Kami yang nekat menanjak di tengah isu kebakaran gunung Papandayan |
Adanya trip pendakian Papandayan pada awalnya adalah ajang silaturahmi anak-anak BPC (Backpacker Community Jabodetabek), dengan rencana awal sekitar 50-an orang yang akan turut mendaki. Tanggal telah ditentukan, 31 Agustus - 2 September 2012. Tapi kenyataan berkata lain, tgl 22 Agustus 2012, gunung Papandayan dikabarkan terbakar, dan rencanapun dibatalkan, walaupun saya sudah menegaskan kepada mereka bahwa saya telah mengkonfirmasikan kepada Bp. Teguh, Ketua Konservasi Papandayan, bahwa yang kebakaran hanya di areal jalan menuju basecamp.
Hitchiking ke Bandung
Tapi ternyata, masih ada beberapa teman yang ingin nekat menanjak. Dua orang rekan dari Bandung, 4 orang dari Jakarta. Akhirnya saya bergabung dengan teman-teman dari Jakarta. Rencana awal adalah ke Garut naik bus dari Pasar Rebo. Tapi berhubung saya sudah pernah sukses melakukan hitchiking ke Bandung, kali ini saya mengajak yang lain untuk ikut hicthiking bersama saya. Hitchiking adalah traveling / kemana-mana dengan menumpang kendaraan yang lewat. Senjata perang untuk hitchiking yang utama adalah spidol dan kertas. Tinggal kita tulis saja tulisan "NUMPANG" atau "NEBENG" atau langsung saja tulis kota yang dituju.

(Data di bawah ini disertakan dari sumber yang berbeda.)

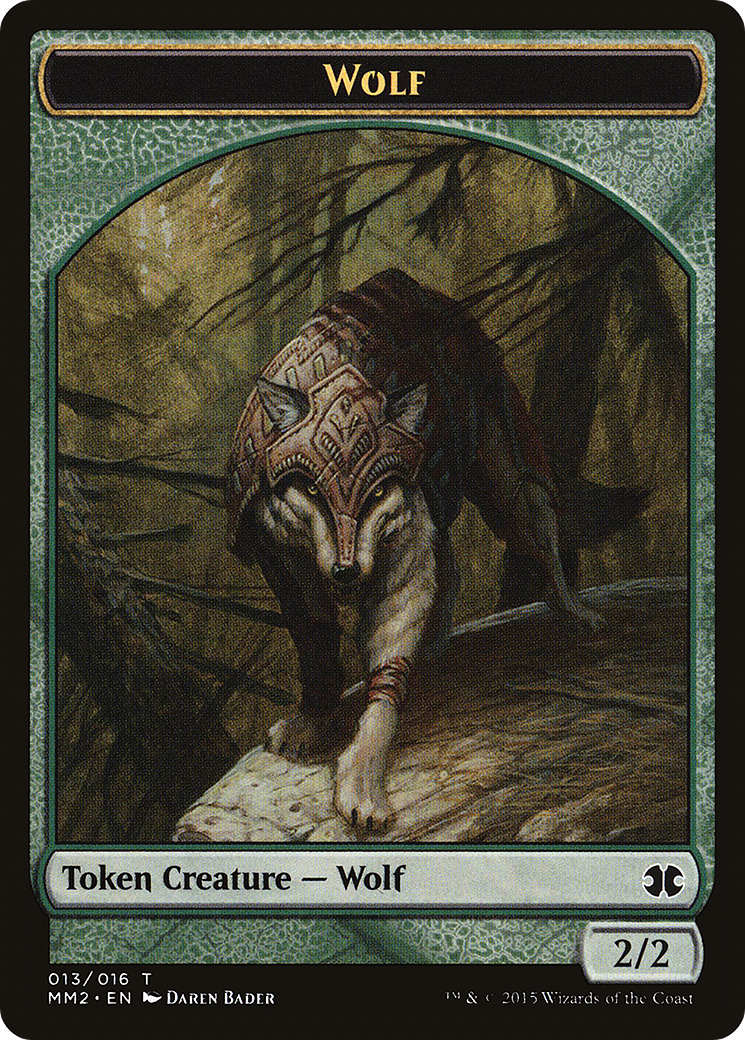 Image of Wolf Token (MM2-013) - Modern Masters 2015 Tokens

Berhubung kertas hitchiking andalan saya yang bertuliskan "NUMPANG" ketinggalan, akhirnya saya putuskan untuk mencari-kertas dengan ukuran cukup lebar, yang ideal untuk hitchiking minimal 2x kertas A3, atau pergunakan saja kertas fax karena lebih ulet dan ga gampang sobek. Di Pasar Rebo, banyak pedagang buah, dan sayapun meminta 2 lembar kertas kalender bekas kepada seorang penjual buah.Setidaknya saya dapat 1 atribut hitching "NUMPANG"
Berhubung tempat hitching kami gelap, dan ga ada foto yg bagus, kira-kira seperti inilah gaya kami kalo lagi hitching di siang hari. |
Kamipun segera mengambil jalur jalan tol yang arah ke Bandung. Cukup lama kami menunggu kendaraan namun tak satupun yang berhenti, setelah satu jam menunggu dan hampir saja putus asa, akhirnya sebuah mobil Panther ber-plat merah menhampiri kami dan membawa kami berempat. Bapak yang baik hati ini bernama Pak Embing. Seorang polisi yang tergerak hatinya untuk bersama dengan beberapa perusahaan perbankan untuk merenovasi sekolah-sekolah yang rusak. Kamipun diantar sampai ke Rest Area 39, karena beliau akan keluar di exit tol Karawang.
Fajar, mempelajari medan / rute yang akan ditempuh dari Peta mudik |
Hitching pertama, Ps. Rebo - Rest Area 39 by Pak Embing, Panther plat merah. |
Di rest area ini kami berhenti sejenak untuk sholat Isya, kemudian melanjutkan next hitching kami. Lalu... sebuah mobil Kijang Innova silver pun merapat ke kami. Pak Enda, seorang pengusaha mangan, yang pada masa lalunya pernah menjadi TKI di Arab Saudi yang kurang berhasil, karena tidak digaji selama satu tahun lebih, bahkan pernah berurusan dengan kepolisian Arab saudi karena kesalahpahaman atas mobil majikannya. Namun, sekarang... Inova ada di tangan, membuktikan kepada kami generasi muda bahwa, nasibpun akan berubah apabila kita mau berubah dan bekerja keras. Rencananya kami mau diturunin di exit tol 55, berhubung saya pernah diturunkan di exit tol tersebut dan cukup kesulitan mendapatkan mobil ke Bandung, saya bilang agak keberatan, dan akhirnya si Pak Enda pun mengantar kami sampai Rest Area Sadang km 79, walaupun resikonya nati dia harus putar balik lebih jauh ke rumahnya. Ucapan kami hanya "Terima kasih Bapak, maaf kami tidak punya apa-apa, semoga Yang Diatas yang membalasnya". Bagi saya mendoakan kebaikan kepada orang yang telah berbuat baik kepada kita adalah imbalan yang paling pantas.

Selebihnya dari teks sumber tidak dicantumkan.